La race anglaise n’est, on le voit, que la race arabe transformée sous l’influence des croisemens et sous celle du climat et de la nourriture. Aujourd’hui cependant cet élevage n’est plus spécial à l’Angleterre, car d’autres pays l’ont suivie dans cette voie. Les résultats obtenus par cette longue élaboration ont été tels qu’il n’y a pas un seul cheval arabe capable de soutenir honorablement la lutte contre un cheval anglais de quatrième ordre. Parmi les chevaux les plus remarquables du siècle dernier, il faut mentionner Eclipse, né en 1764, qui comptait parmi ses ancêtres Darley arabian et Godolphin. Élevé par le duc de Cumberland, il ne parut sur l’hippodrome qu’à cinq ans, mais il ne fut jamais battu et gagna onze plats royaux[1], sans compter une foule d’autres prix. Employé plus tard comme reproducteur, il rapporta à ce titre seul plus de 3 millions à son propriétaire. Il justifia pleinement sa réputation, car on compte dans sa progéniture trois cent quarante-quatre vainqueurs qui ont gagné 158,000 livres sterling (3,900,000 francs). Flying-Childers (1715), lui non plus, ne fut jamais battu. Ce fut peut-être le cheval le plus rapide qu’on ait jamais vu, car il parcourut à Newmarket, en six minutes quarante secondes, une distance de 5,717 mètres avec un poids de 57 kilog. 95, soit 14m25 par seconde, ou 52 kilomètres à l’heure. Il est vrai qu’en 1846, Surplice gagna le Derby (2,413 mètres) en deux minutes dix-neuf secondes, faisant 14m37 par seconde, et que West-Auslralian[2], quelques

  1. Les plats royaux étaient des prix pour les courses de longue haleine.
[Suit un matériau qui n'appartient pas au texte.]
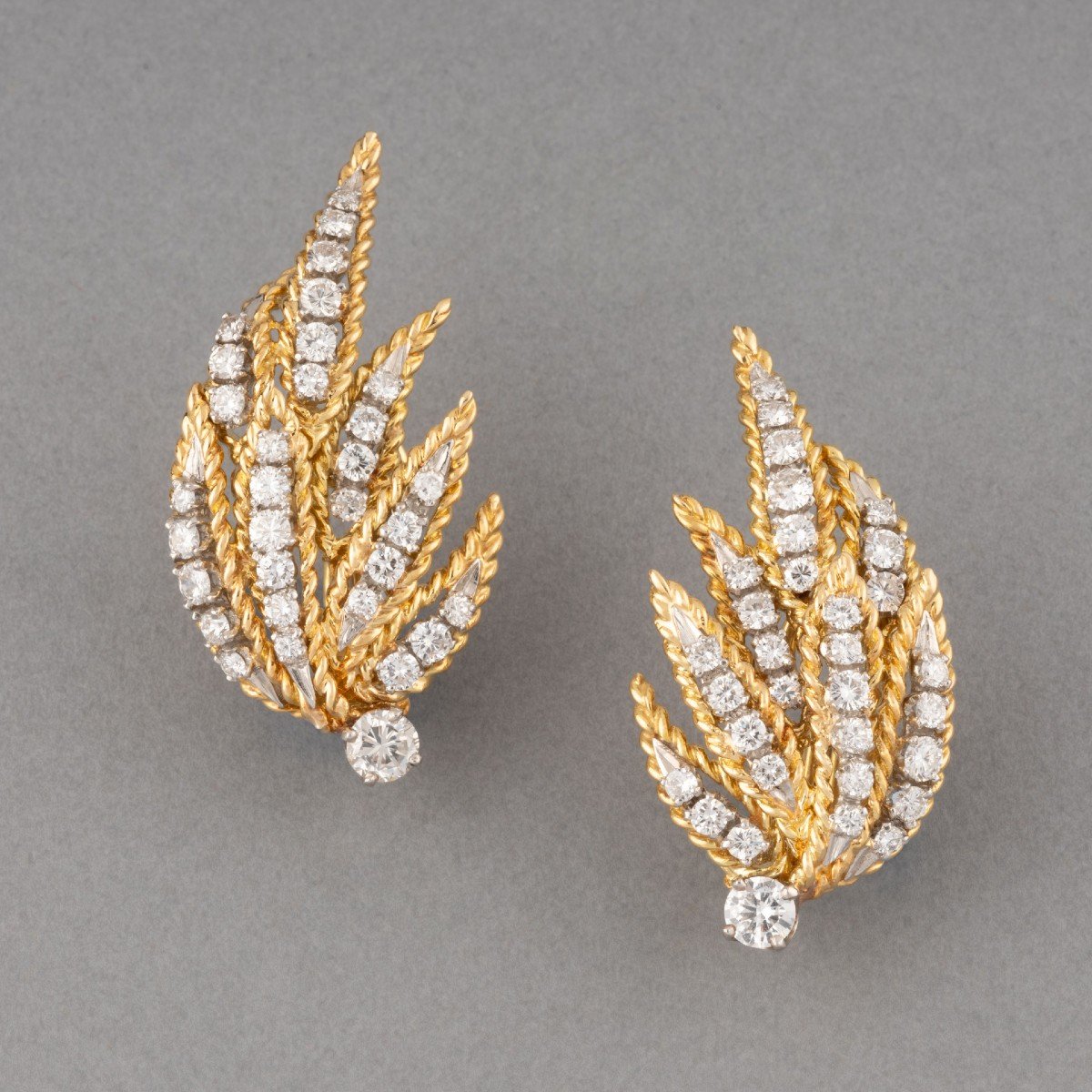 Pair Of Vintage French Gold And Diamond Clip-on Earrings-photo-2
  2. West-Australian est un étalon qui avait été acheté en Angleterre par M. de Morny au prix de 80,000 francs. Lors de la vente de son écurie, il n’a été vendu que 31,000 fr. Cette dépréciation tient à ce que ses produits, remarquables dans les courses de vitesse entre chevaux de deux ans, ne montrent pas, dit-on, la même supériorité dans les courses de fond auxquelles on soumet les chevaux de trois ans et au-dessus.